生成AIの進化

生成AIの技術は日々進化しており、さまざまな産業や分野において、新たな価値を創出する可能性を秘めています。財務経理領域でも、生成AIを積極的に取り入れることで、業務の質やスピード、効率性、信頼性などを向上させることができます。また、生成AIによってルーチンワークや単純作業を自動化することで、人間はより高度な分析や判断、戦略立案などに専念することができます。生成AIは、財務経理領域における組織変革(FP&A組織へのシフト)や人材変革(デジタル・データ分析人材へのシフト)といったイノベーションのカギとなることが期待されます。

財務経理領域における生成AIの活用

財務経理領域では、生成AIを活用することで、以下のようなメリットが期待できます。

  • 問い合わせ対応の自動化:財務経理領域では、社内の各部署からからさまざまな質問や要望が寄せられます。生成AIを活用することで、会計基準の解釈や会計処理方法、財務データや業績情報、税務処理方法などに関する問い合わせに対して、迅速かつ正確に回答することができます。生成AIは、自然言語処理の技術を用いて、質問の内容や意図に沿って適切な文書やデータを参照して、回答を生成することができます。また、回答の表現やトーンも、質問者の属性や目的に応じて調整することができます。
  • レポーティングの自動化:財務報告書や決算説明会資料などの文書を生成AIにより自動作成することで、業務の効率化と品質向上を図ることができます。生成AIは、数値だけでなく、分析や評価、推奨事項などの文章も生成することができます。また、異なる言語やフォーマットにも対応することができます。
  • 監査とコンプライアンスの改善:内部監査や法令遵守などの業務において、生成AIは、大量のデータや文書を検査し、不正や違反の兆候を検出することができます。生成AIは、問題の原因や解決策を提示するだけでなく、将来の予防策や改善策を提案することもできます。
  • 予測とシミュレーションの強化:財務予測やリスク分析などの業務において、生成AIは、過去のデータや外部環境の変化をもとに、複数のシナリオを生成し、最適な戦略や施策を提案することができます。生成AIは、人間の直感や経験では見落としがちなパターンや相関関係を発見することもできます。
生成AI×FINANCE ~生成AI活用が財務経理領域にもたらす変革-1

生成AIの活用における課題

生成AIを財務経理領域で活用するには、以下のような課題やリスクも考慮しなければなりません。

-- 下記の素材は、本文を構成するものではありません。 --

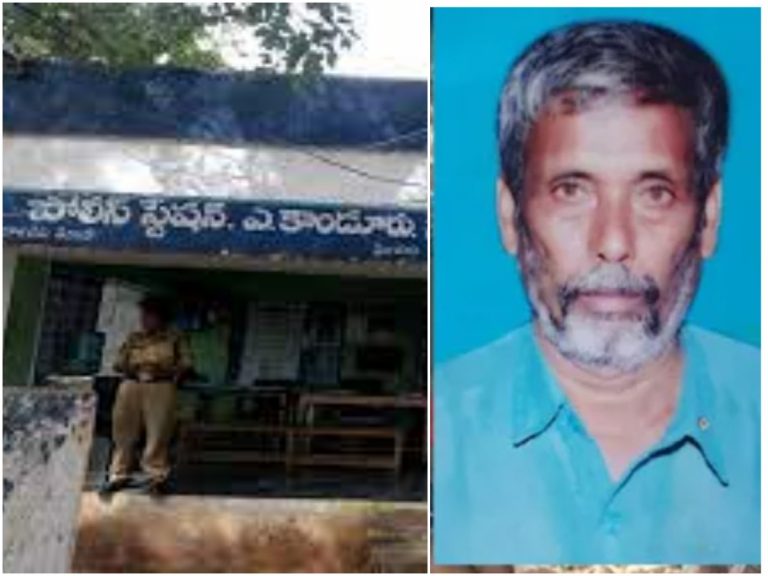 SI Suspension: ఎ.కొండూరు ఎస్సైపై సస్సెన్షన్ వేటు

  • データの品質とセキュリティ:生成AIは、入力されるデータに依存するため、データの正確性や信頼性、整合性が重要です。また、データの保護や管理も必要です。個人情報や機密情報が漏洩したり、不正に改ざんされたりすることがないように、適切なセキュリティ対策や監視体制を整える必要があります。
  • 生成AIの理解と評価:生成AIは、人間が容易に理解できない複雑なアルゴリズムやモデルに基づいて動作するため、その透明性や説明性が低い場合があります。生成AIがどのようにコンテンツを生成したか、その根拠や妥当性は何かといった点を明らかにし、人間が適切に評価できるようにする必要があります。
  • 倫理と社会的責任:生成AIは、人間の意図や目的に沿って使用されるべきですが、悪用されたり、悪影響を与える可能性も否定できません。生成AIが偽りや誤解を招くようなコンテンツを生成したり、人間の価値観や感情を傷つけたりすることがないように、倫理的かつ社会的に責任ある使い方をする必要があります。
     
リスク 説明
ハルシネーション
  • 生成AIが事実とは異なる不正確な回答をする可能性があることから、出力結果を何らかの業務に活用する場合に誤った判断等につながるリスク
著作権侵害
  • 生成AIの出力結果が他の著作物と同一・類似していた場合、その内容を公開することで著作権侵害に該当するリスク
個人情報・機密情報漏洩
  • 生成AIに入力した情報に個人情報や機密情報が含まれており、当該情報を生成AIが学習に利用した場合に、当該情報が漏洩するリスク
  • 生成AIユーザーが巧みなプロンプトを入力することで、生成AIから個人情報や機密情報を抜き取られるリスク
説明責任
  • 生成AIのアルゴリズムがブラックボックスのため、どのような処理で出力がされたのか説明できないリスク
追跡可能性・監査可能性
  • 同じプロンプトでも異なる出力結果となるため、生成AIからの出力結果に対して事後的に監査したり、追跡することができないリスク
プロンプトインジェクション
  • 生成AIベンダーは、差別や倫理違反、犯罪につながるような情報が出力されないように制限をかけているが、巧みなプロンプトにより、こうした情報が出力されるリスク
  • プロンプトインジェクションにより、生成AIベンダー内にあるAIの設定情報などが抜き取られるリスク
サードパーティーリスク
  • 生成AIを活用したサービスを開発・管理している会社による、各種サードパーティーリスクが存在する

KPMGによる支援

KPMGでは、生成AIを財務経理領域で活用するために、以下のような支援を提供しています。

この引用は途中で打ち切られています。